Hi thanks essarx, I already had the site on my S/S so its nice to have the GPS confirmed, but I didn't know if it was ok for RV's. 

Keep them coming, I now have 9 confirmed sites with GPS.

Olley


----------



## olley (May 1, 2005)

Hi Guys I have put a Tomtom download of all the sites I have in the tomtom spanish poi download section, I have written in the name field whether they are ok for RV and GPS. Its awaiting verification so may not appear immediately

As new sites come in I will update it.

Olley


----------



## nukeadmin (Oct 10, 2003)

are they all in the LPG Map as well Ian ?


----------



## olley (May 1, 2005)

Hi Nuke, no I don't think they all are, thats my next job :lol: 

Olley


----------



## olley (May 1, 2005)

Hi just found this on "motorhome list" 

Apr 08 Madrid Airport - Barajas 
GALP - Access very tight for large motorhomes 

Unfortunately no GPS co-ords  and I don't know what is meant by large?

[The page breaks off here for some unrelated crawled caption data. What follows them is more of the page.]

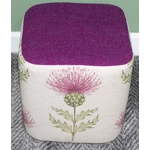 SMALL 27x27x28cm CUBE Pouffe Footstool Herringbone Harris Tweed & Voyage Thistle
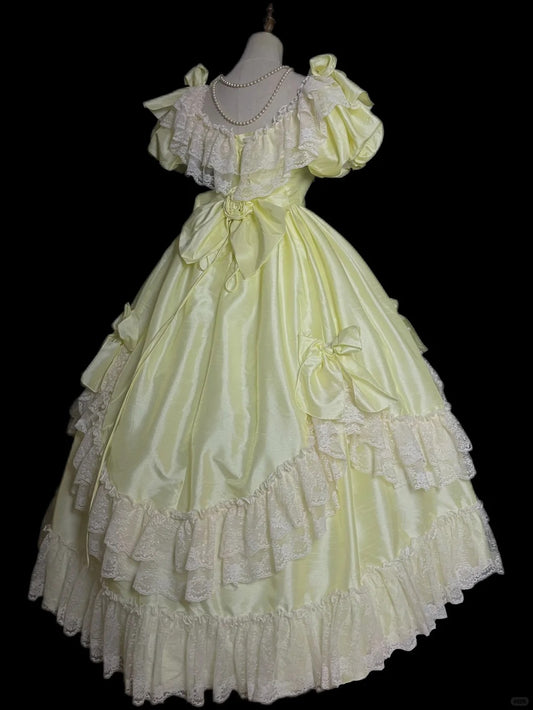 Sweet Prom Dress Crew Neck Pleated Lace Ball Gown Evening Dress Birthday Party Dress    D2865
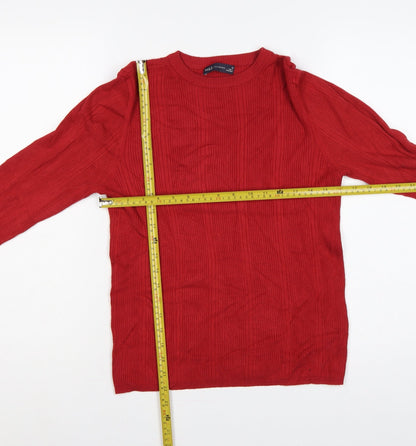 Marks & Spencer Women Red UK 14 Ribbed Knit Crew Neck Pullover Jumper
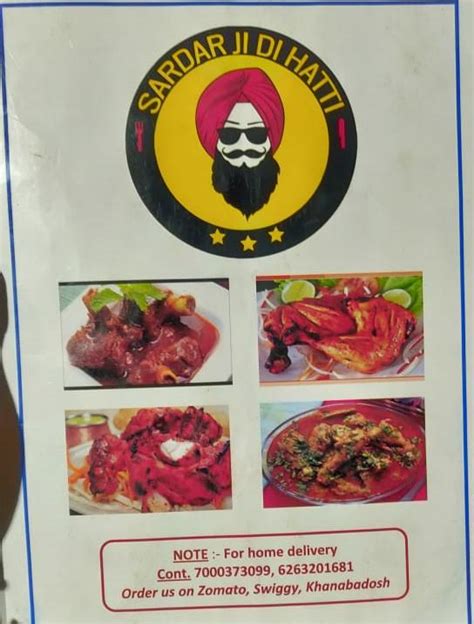 Menu At Sardarji Di Hatti Bhopal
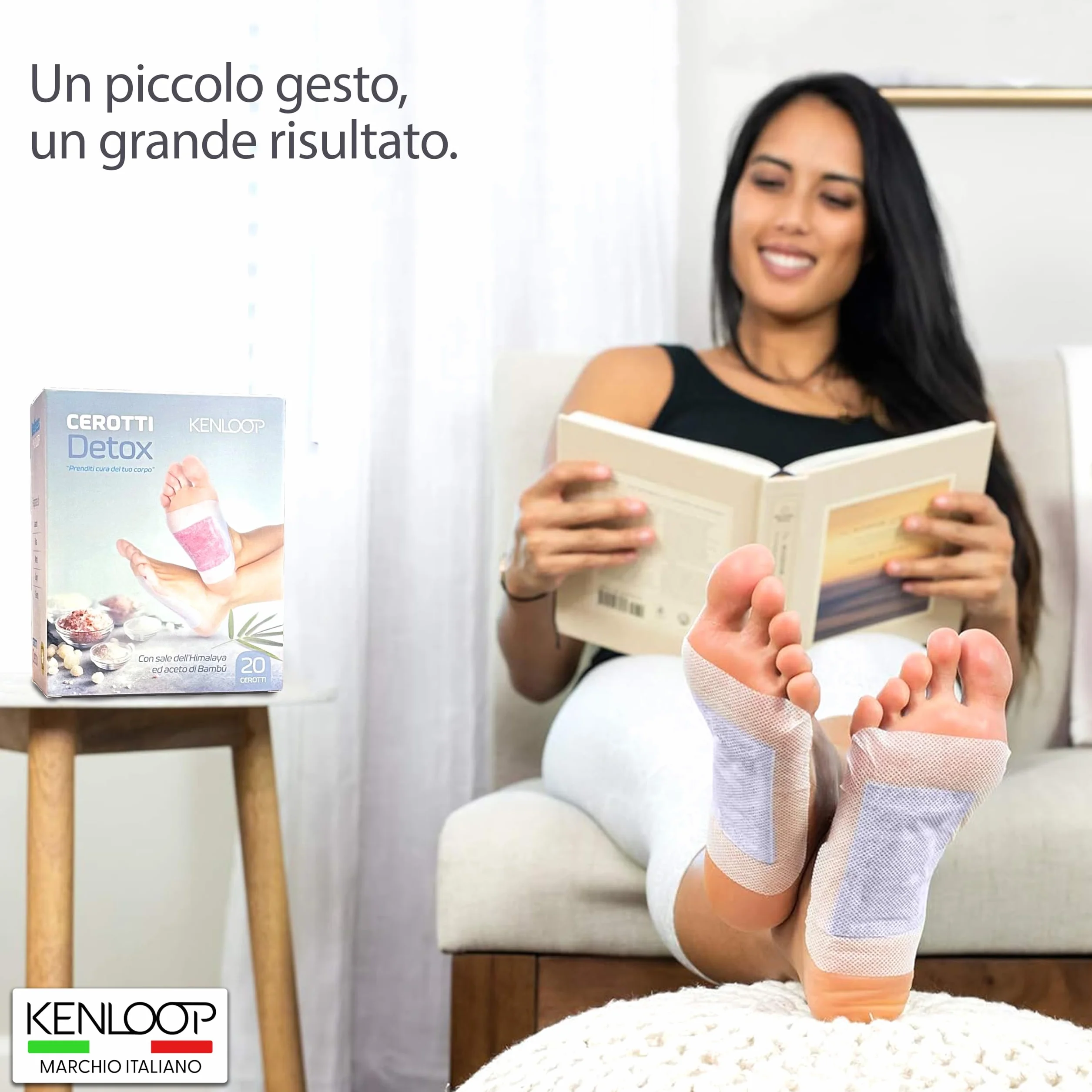 KENLOOP® Cerotti Detox Piedi con Sale Rosa Himalaya e Aceto di Bambù, Ingredienti Naturali, Rilassanti per Dormire Meglio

We are going that way in late August so I will try to find it.

Olley

PS just found an address Camino del Cuartel GPS 40.4679 -3.5787 this is what looks like a garage but access looks OK so it may not be correct, also I can't see the tell tale white LPG tank.

PPS. thinking of taking a note to ask where the GPL is in spanish, is this OK. Perdone, pero ¿podría decirme si el agradecimiento Autogas?


----------